I enjoy slicing and dicing historical stock market returns.
I’m not naive enough to assume this helps predict the future. However, studying the past can provide a baseline to help set expectations when it comes to risk and a potential range of outcomes.
Here’s a different way to look at returns over various time horizons for the S&P 500 going back to 1993:
This is how to read this chart:
Pick a starting year. Then, go down the number of years and the corresponding square will tell you the annualized return from that starting point.
For example, the 9-year annual return starting in 1993 was 14% per year.
You can see there’s been more green than red since 1993 but there were some painful periods for investors.

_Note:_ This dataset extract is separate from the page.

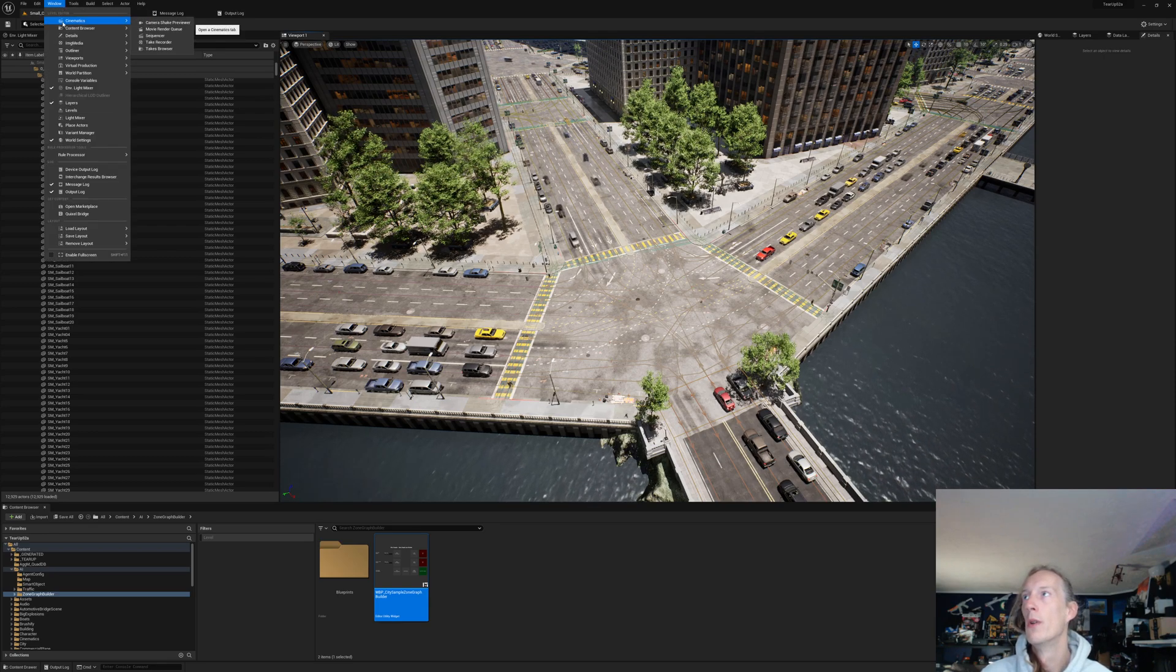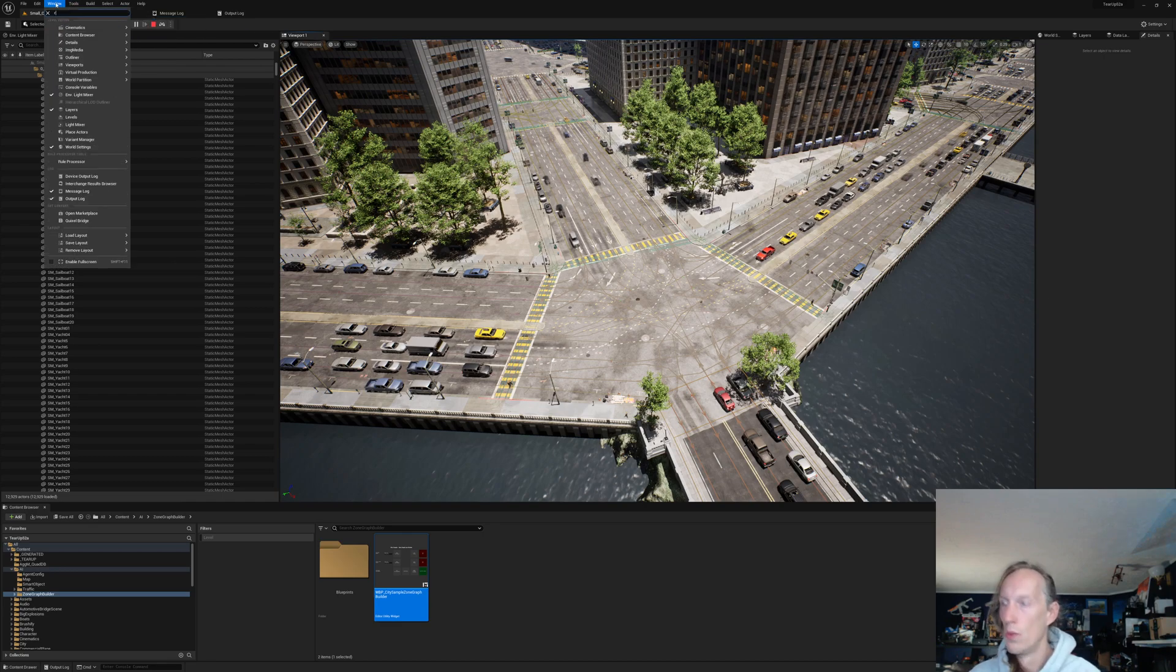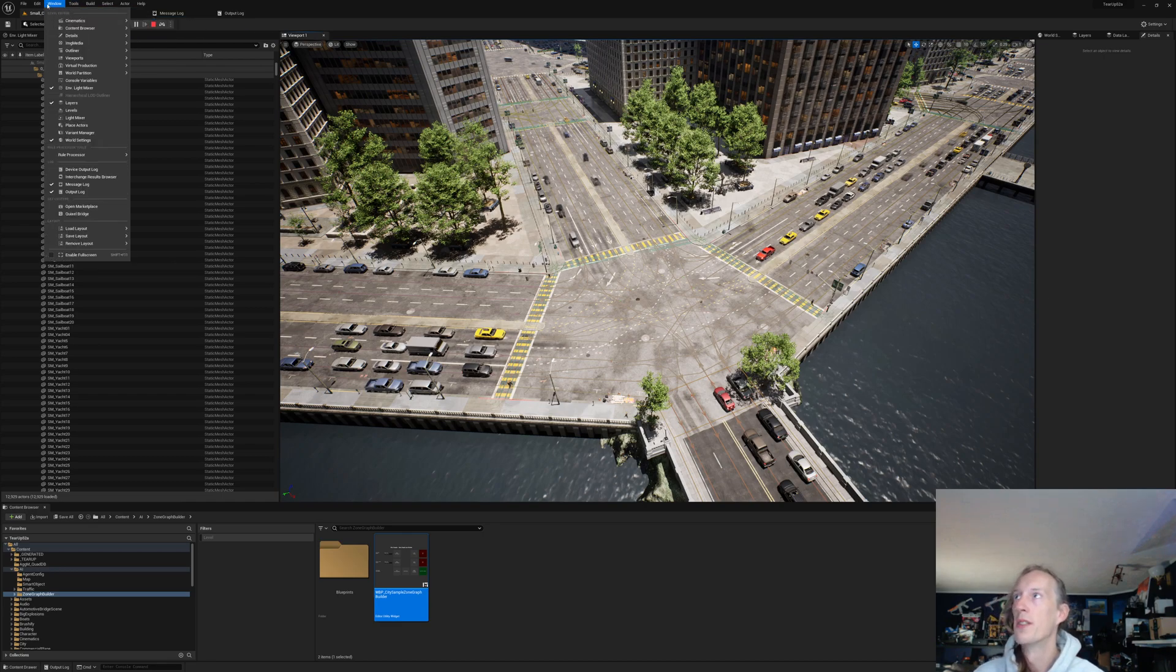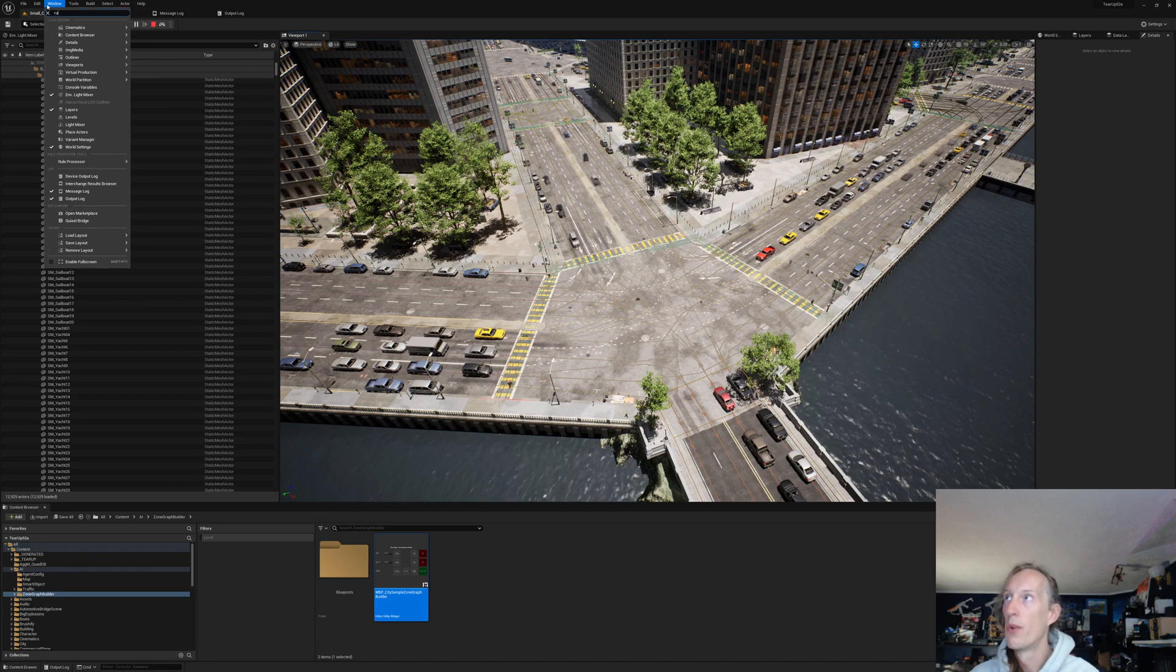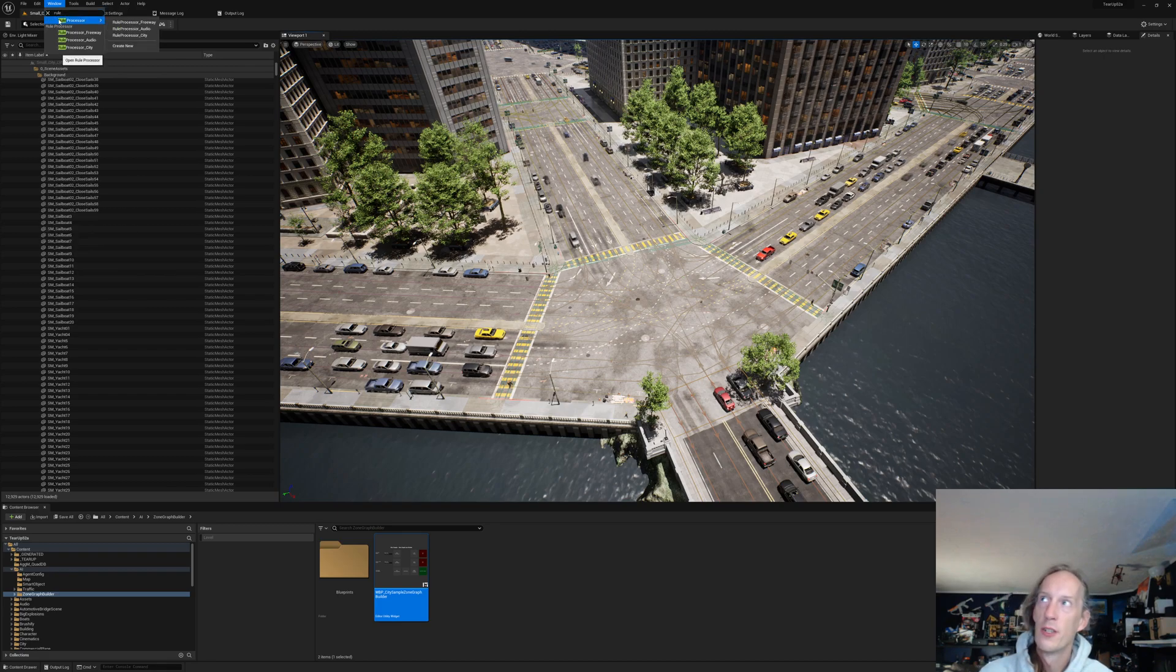Window. Rule processor. Type in rule processor. You can see in the small city there's three rule processors for the freeway, the audio, and the city itself.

There were no losses going out 11 years or more but starting in 1999 or 2000 led to a lost decade. You also had multiple time frames with losses going out 2, 3, 4 and 5 years into the future. Five years can feel like an eternity in the stock market.

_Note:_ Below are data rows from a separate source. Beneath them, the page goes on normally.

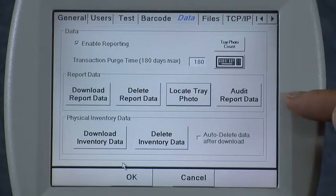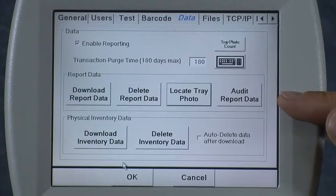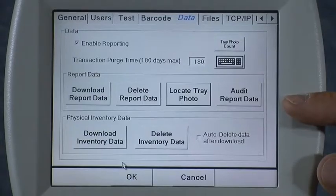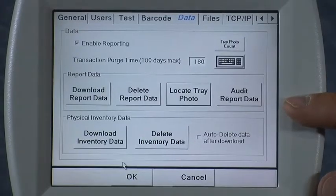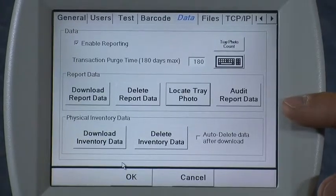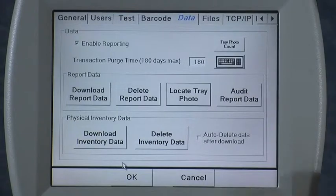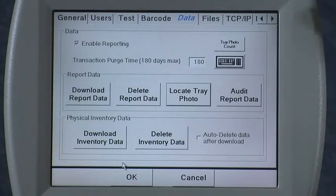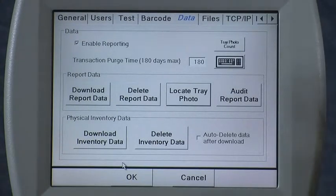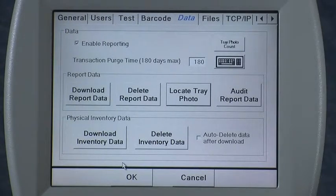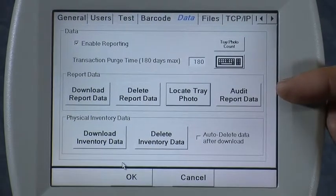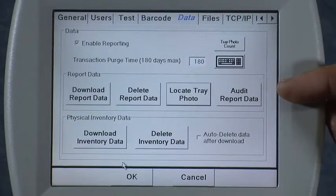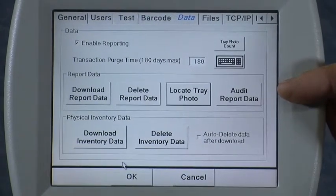The last button in this section is the audit report data. This button allows you to access a large number of reports that the icon can bring up right on screen, and also allows you to download them in a format that is easily importable into your computer. For more information about the audit reports, please consult that video.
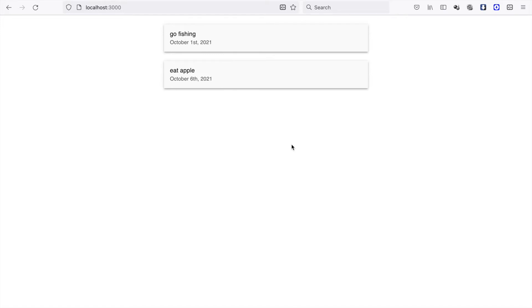In this part we are going to add a to-do form on top of the to-do list so the user can input new to-dos to the to-do list.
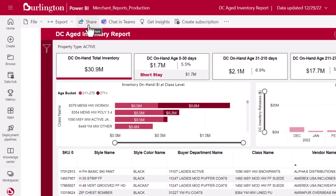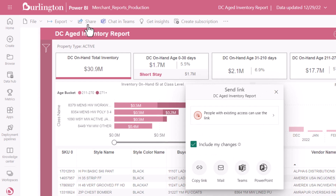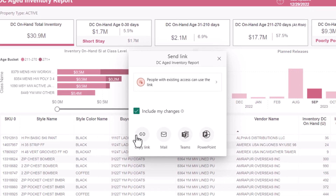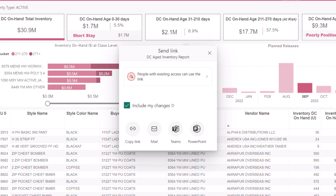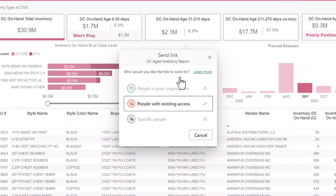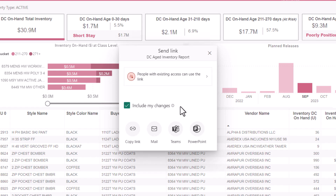The Share button on the menu bar generates a shareable hyperlink. When our recipient clicks the link, Power BI will open the appropriate report for them. You may be able to customize who can access the hyperlink depending on your permissions. If we've applied any filters or significant changes to the report, the Share pop-up will offer a checkbox allowing us to include those changes.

The range of outcomes is also interesting to consider.
The 10 year annual returns ranged from -1% to 17%. Over 15 years there was a high of 14% and a low of 4%. On a 5 year time horizon the range was -2% to 29% annualized.
Your experience in the stock market can vary drastically depending on your timing.
The good news is that the long term removes a lot of variation from the equation. Look at the returns in the bottom left — they’re all in a fairly tight range.
The 31-year annual return from 1993 through 2023 was around 10% per year, right at the long-term averages. Not bad.
Here’s a sampling of some stuff that’s happened over the past 31 years:
An emerging markets currency crisis in 1998, the Long-Term Capital Management blow-up, the dot-com bubble, 9/11, the housing bubble, the Great Financial Crisis, the European Debt Crisis, the pandemic, and the highest inflationary spike in four decades.
We also sprinkled in a few recessions, two massive market crashes, two bear markets, and ten double-digit corrections.
And the stock market still returned 10% per year.
I don’t know what the returns will look like over the next three decades.
But I am confident there will be plenty of risk, downturns, geopolitical crises, scary headlines and economic contractions.
Regardless of what returns the stock market produces in the future, thinking and acting for the long-term remains the most sane strategy for investors.